Et à l’instant même il descendit dans la cour du palais et y fit apporter une énorme quantité de sucre, de cannelle, de gingembre et de parfumeries de toute espèce; puis, la cour étant entièrement couverte de ces ingrédients précieux, il les fit mouiller d’eau rose et pétrir à force de bras, si bien qu’ils formèrent une espèce de limon. Tout cela fait:

—Veuille descendre dans la cour avec tes suivantes, dit le prince à Romaiquia; le limon t’y attend.

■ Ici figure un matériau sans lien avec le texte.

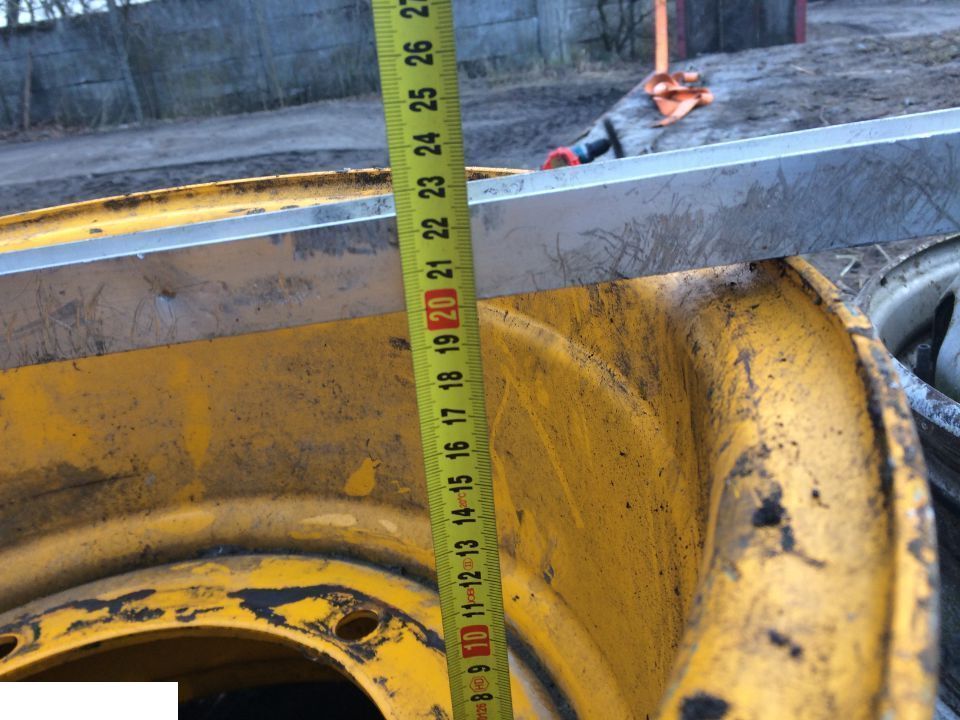 JCB Felga 13x20 - Fälg för Lantbruksmaskiner: bild 2 JCB Felga 13x20 - Fälg för Lantbruksmaskiner: bild 2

La sultane y alla, et, s’étant déchaussée de même que ses suivantes, toutes se mirent à plonger leurs pieds, avec une gaîté folâtre, dans ce limon aromatique.

C’était là une fantaisie bien dispendieuse; aussi Motamid savait-il la rappeler au besoin à sa capricieuse épouse dont les désirs ne connaissaient pas de bornes. Un jour, ayant demandé une chose que le prince ne pouvait lui accorder:

—Ah! je suis bien à plaindre, s’écria-t-elle. Décidément je suis la plus malheureuse des femmes, car je prends Dieu à témoin que jamais tu n’as fait la moindre chose pour me plaire.

—Pas même le jour du limon? lui demanda Motamid d’une voix douce et tendre.

Romaiquia rougit et n’insista pas davantage[123].